Given the image below, what algorithm might I use to detect whether regions one and two (identified by color) have a border?
http://img823.imageshack.us/img823/4477/borders.png
If there’s a C# example out there, that would be awesome, but I’m really just looking for any example code.
Edit: Using Jaro’s advice, I came up with the following…
public class Shape
{
private const int MAX_BORDER_DISTANCE = 15;
public List<Point> Pixels { get; set; }
public Shape()
{
Pixels = new List<Point>();
}
public bool SharesBorder(Shape other)
{
var shape1 = this;
var shape2 = other;
foreach (var pixel1 in shape1.Pixels)
{
foreach (var pixel2 in shape2.Pixels)
{
var xDistance = Math.Abs(pixel1.X - pixel2.X);
var yDistance = Math.Abs(pixel1.Y - pixel2.Y);
if (xDistance > 1 && yDistance > 1)
{
if (xDistance * yDistance < MAX_BORDER_DISTANCE)
return true;
}
else
{
if (xDistance < Math.Sqrt(MAX_BORDER_DISTANCE) &&
yDistance < Math.Sqrt(MAX_BORDER_DISTANCE))
return true;
}
}
}
return false;
}
// ...
}
Clicking on two shapes that do share a border returns fairly quickly, but very distance shapes or shapes with a large number of pixels take 3+ seconds at times. What options do I have for optimizing this?

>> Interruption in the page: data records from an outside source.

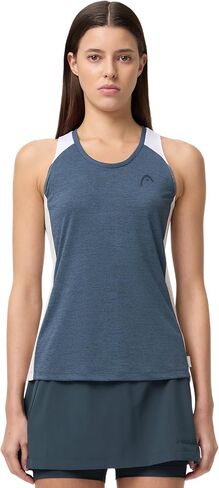 HEAD Women’s Play Tech Tank Top – Sporty Performance Tennis Tank with Breathable Mesh Panels in Kuwait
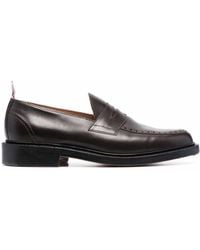 Thom Browne - Goodyear-sole Penny-slot Loafers - Lyst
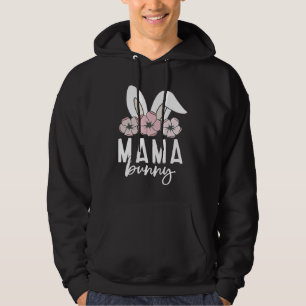 Mama Bunny  Mimi Bunny Cute Matching Mom & Daughte Hoodie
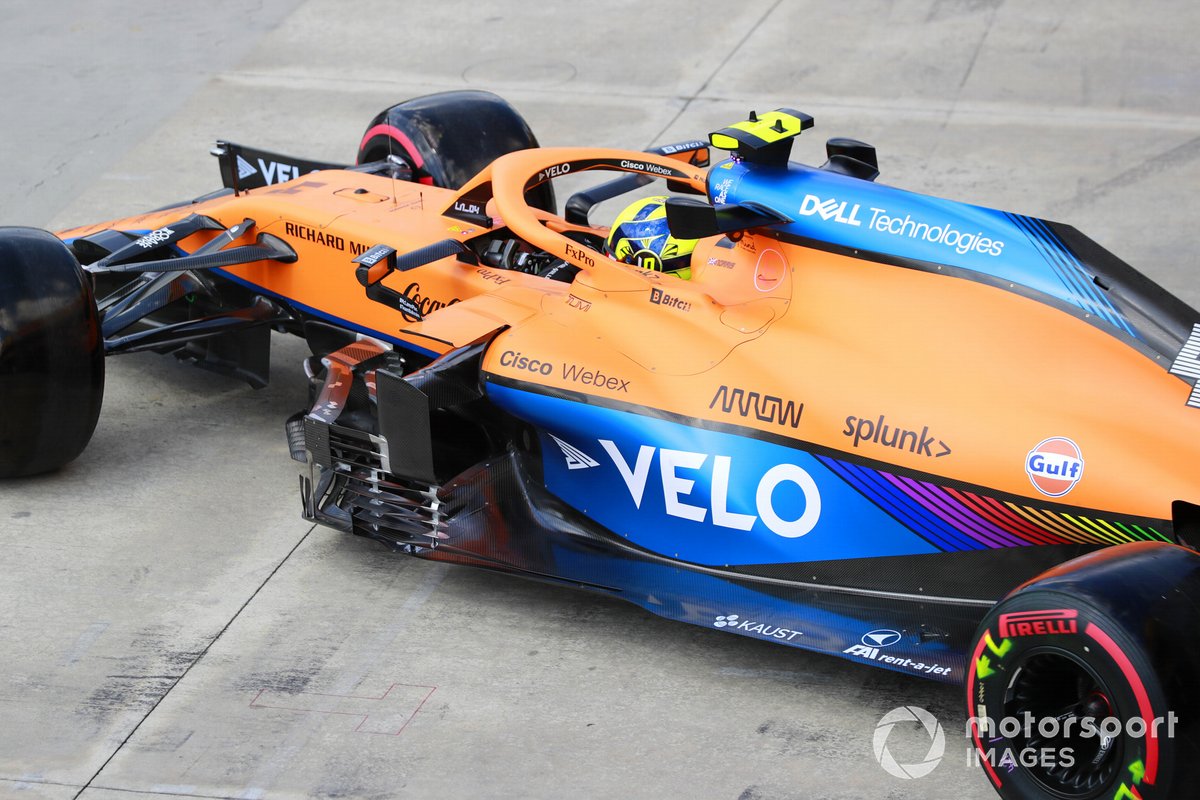 Lando Norris, McLaren MCL35M
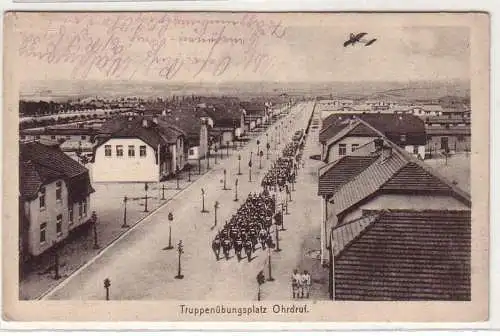 61558 Feldpost Ak Flieger über dem Truppenübungsplatz Ohrdruf 1916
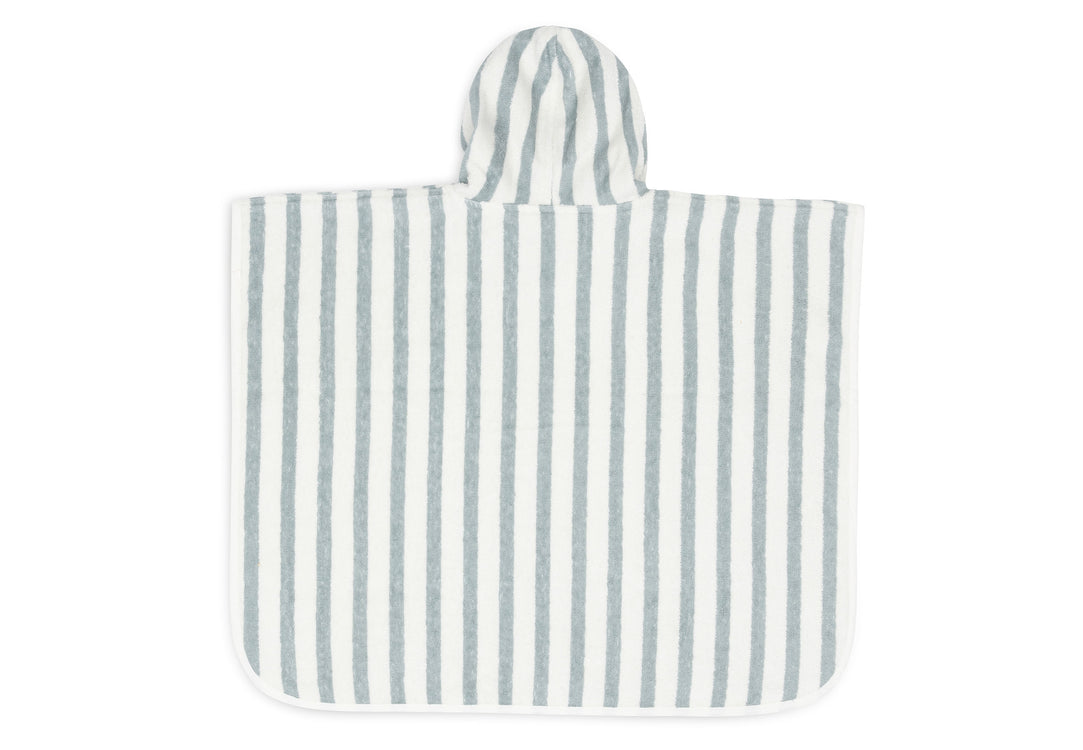 Toalla poncho rayas verdes- JOLLEIN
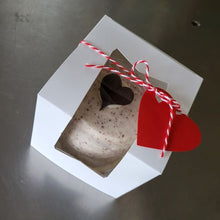 Load image into Gallery viewer, Valentine's Chocolate Cream Tower Cake
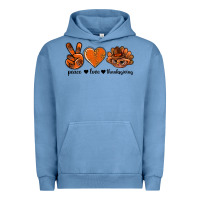 Pigment Pebble Blue peace love thanksgiving bbs Urban Hoodie - BundleAndBundleShop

2 regions having border means that within a certain small area there should be 3 colors present: red, black and green.
So a very ineffective solution presents itself:
using
Color pixelColor = myBitmap.GetPixel(x, y);you could scan an area for those 3 colors. The area must be larger than the width of the border of course.There is of course plenty room for optimizations (like going in 50 pixels steps and decreasing the precision continually).
Since black is the least used color, you would search around black areas first.
This should explain what I have written in various comments in this topic:
It is very simple. Searching this way only takes about 2 + 4 ms (scanning and finding the closest points).
You could also do the search recursively: first with precision = 1000, then precision = 100 and finally precision = 10 for large images.
FindClosestPoints will practically give you an estimated rectangual area where the border should be situated (usually borders are like that).
Then you could use the vector approach I have described in other comments.